Aunque todavía queda un largo trecho por recorrer, apostando por odres nuevos frente a estructuras caducas, los lazos de fraternidad que se han ido configurando en este tiempo se reflejan en algunos signos proféticos, como la mejora de las llamadas mutuas relaciones con los obispos y la vinculación de los seglares.
En no pocos casos, se está dando el salto a hablar de familias carismáticas que integran a consagrados y religiosos mano a mano, siempre alentados por el Espíritu. Desde la llamada a una vocación personal y reforzando esta identidad, la misión compartida está suponiendo una revitalización del don regalado a través de cada uno de los fundadores para servir a la Iglesia y a la sociedad.

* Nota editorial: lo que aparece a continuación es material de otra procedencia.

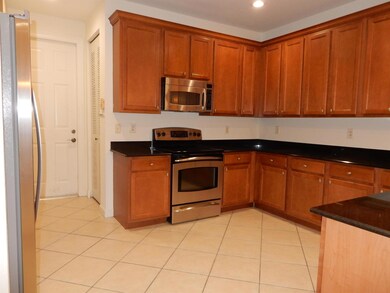 661 Corte Madera Ln unit 2, West Palm Beach, FL 33401 - photo 7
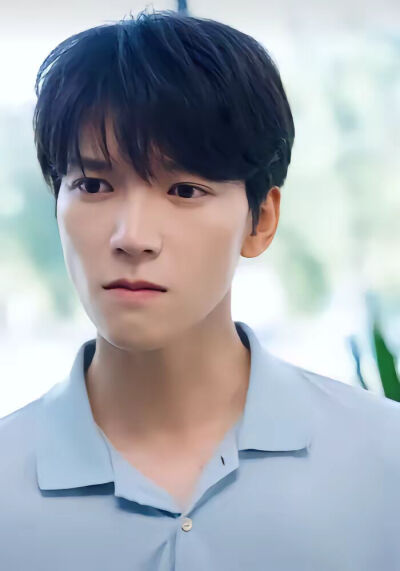 《布衣之下，万贯之身》剧照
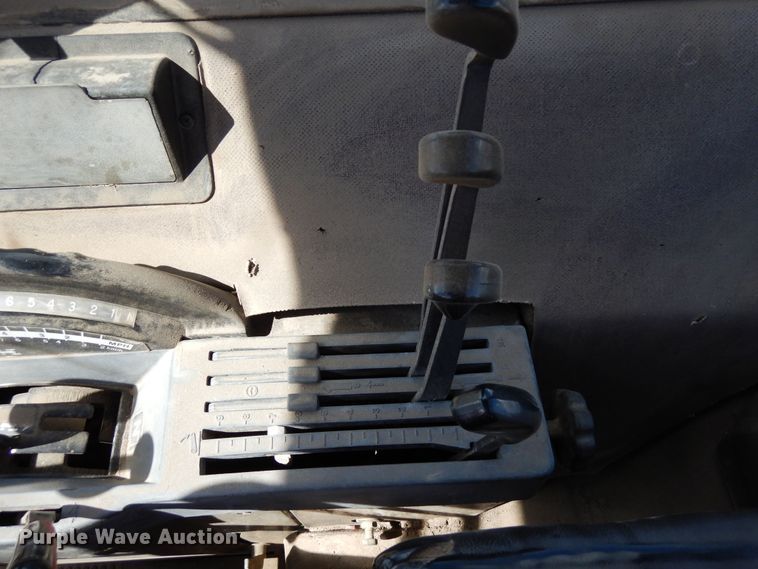 image for item DR1255 1985 John Deere 4850  MFWD tractor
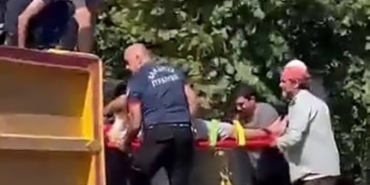 Kontrolden çıkan hafriyat kamyonu devrildi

Los laicos dejan de ser, pues, meros gestores o brazos ejecutores, convirtiéndose en un hermano más, a través de comunidades que se sienten identificadas con el ser y hacer, pero, sobre todo, compartiendo vida.
Se trata de una travesía nueva en la que embarcarse, pero con la seguridad de hacerlo dentro de una Iglesia misionera y con la mirada puesta en aquellos primeros grupos de apóstoles con diversidad de dones, pero con un mismo sentir en torno a un Jesús resucitado, que, como en Emaús, se empeña en ir de la mano de los discípulos, “caminando juntos” para anunciar la Buena Noticia, en sinodalidad.